Szanowny Panie J.R.R. Tolkienie! Proszę o wybaczenie tego, co zaraz napiszę…
Moja wielka przygoda z czytaniem, wkraczaniem w świat nieskrępowanej niczym wyobraźni oraz marzeniem o znalezieniu się w Innym Świecie, zaczęła się od C.S. Lewisa. Najpierw słuchałam opowieści mamy o „Opowieściach z Narnii”, później z zapartym tchem słuchałam każdego rozdziału tej jednej z najbardziej magicznych dla dzieci historii. Tak, słuchałam. Kiedy zapragnęłam poznać zawartość kolejnej książki, z pomocą zawsze przychodził mi ktoś z bliskich. Dawno, dawno temu, w moim dzieciństwie, audiobookiem na żywo była mama, a także tata i babcia.

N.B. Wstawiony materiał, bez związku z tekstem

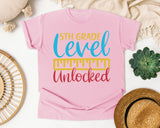 5th Grade Level Unlocked graphic tee in Blossom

Do dziś pamiętam rozemocjonowanie związane z tajemnym przejściem znajdującym się szafie! Najpierw nie chciałam wiedzieć, co będzie dalej, po prostu ogarnął mnie strach przed nieznanym.Wielki, obezwładniający, parszywy STRACH. Postanowiłam ukryć się w łóżku. Długo nie wytrzymałam w kryjówce. Bardziej niż strach przerażająca okazała się niewiedza – co było dalej? Pragnęłam poznać dalszy ciąg opowieści! Wróciłam do mamy i poprosiłam o dokończenie lektury. Słuchałam z zapartym tchem. Chciałam zapamiętać każde słowo.
Oczami wyobraźni byłam tam – w Narnii. To było jedno z najbardziej magicznych i niesamowitych doświadczeń. Pamiętam, że pomyślałam sobie, że ten cały C.S. Lewis to niezły gość! Chciałam wymyślić coś takiego, a najbardziej marzyło mi się stworzenie opowieści, która pozwoli każdej czytelnicze i każdemu czytelnikowi poczuć się jak bohaterka lub bohater opowieści, „wskoczyć” do Narnii i na krótką chwilę oderwać się od życia.
Za jakiś czas wypożyczyłam sobie siedmioksiąg napisany przez Lewisa („Lew, czarownica i stara szafa”, „Książę Kaspian”, „Podróż Wędrowca do Świtu”, „Srebrne Krzesło”, „Koń i jego chłopiec”, „Siostrzeniec Czarodzieja”, „Ostatnia bitwa”) i przepadłam.
Przyznam się, że czasem bardziej niż na słowach skupiałam się na obrazkach, które były moimi przejściami do Narnii. Zdarzało się, że zapatrzona w ilustrację przepadałam na kilka godzin. Na wspomnienie tamtych chwil czuję ciepło w sercu.
Napisałam o C.S. Lewisie i „Opowieściach z Narnii”, ponieważ wyobraźnia i marzenia zawsze były dla mnie ważniejsze niż wszystko inne. Spoglądam teraz na książki, które wydałam w ostatnich latach i wszystkie mają wspólny mianownik – marzenia.
• „Książka Pełna Marzeń” to opowieść nie tylko o marzeniu Emilki, głównej bohaterki powieści, ale historia, która ma przypomnieć każdej Czytelniczce i każdemu Czytelnikowi o sile marzeń. „Marzenie to niewidzialne skrzydła, które unoszą cię ponad to, co zwą niemożliwe”.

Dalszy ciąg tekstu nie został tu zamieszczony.